In fact, Thompson and his associates have been so thorough with their vision that they even put in a boardwalk/Main Street-style entrance and walkway. You can browse through the windows and see technicians performing various tests and tearing down brand new bikes. You can even visit the tool store, which is a Matco Tool dealer that has a storefront inside the school. The dealer is there throughout the week, and students can open their first account and receive some pretty great discounts on tools as well.


As part of an alliance with the school, training classes for franchised Yamaha dealer technicians are held at the PSI’s Yamaha Technical Academy. The school has dedicated more than 10,000 square feet of its facility for Yamaha technical training. In addition, Yamaha supports PSI’s own student training program – Yamaha Power Sport Academy (YPSA) – by supplying curriculum and donating the latest technology for student training.

“We recognize the excellent training capabilities available at PSI to help us conduct our dealer training programs, and we endorse the PowerSport Institute as a valuable addition to our nationwide training program effort,” says Ron Leming, Yamaha Motor Corporation, U.S.A. service division manager. “We believe that PSI will play an important role in supporting our dealer network.”


S&S Cycle also recently partnered with PSI to create the S&S Factory Training Center. This expanded dealer training program allows dealer techs to enhance their skills with hands-on training on S&S’s Variable Fuel Injection (VFI) system, which includes tuning VFI-equipped motorcycles using S&S Pro Tune II software, as well as the Sidewinder training, which covers the mechanical aspects of engines and kits.

“With a maximum of six techs in each S&S training course, participants receive one-on-one instruction that maximizes their experience in the course,” says Thompson.  “The result is increased efficiency when it comes to rebuilding S&S engines and utilizing the S&S Pro Tune software.”

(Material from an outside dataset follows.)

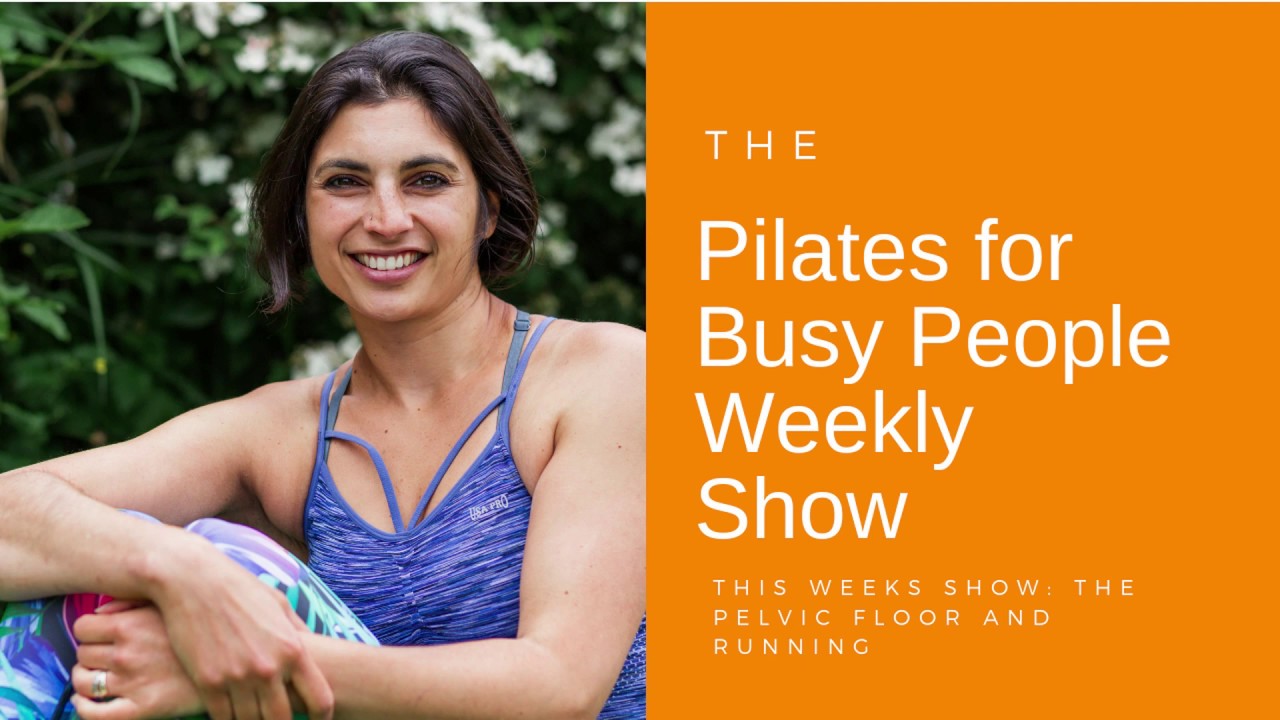 The Pelvic Floor And Running Studio 44 Pilates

Thompson says that at the end of the course, techs who receive S&S certification will have their shops promoted as certified dealers on the S&S Cycle website. In addition, those dealers who achieve Pro Tuning Center status will earn special discounts.
Altogether, there are about 325 students enrolled at PSI, where they have the opportunity to train on a variety of vehicles.

The fully accredited school trains students to become today’s drivability and maintenance specialists through its diploma programs in powersport technology.  

Thompson says that in the future the school plans to offer more opportunities to assist the independent dealer who may not have anywhere else to receive training.  And PSI is also considering two- to three-day workshops on fuel tuning with its new DynoJet dyno as well as offering electrical and suspension workshops.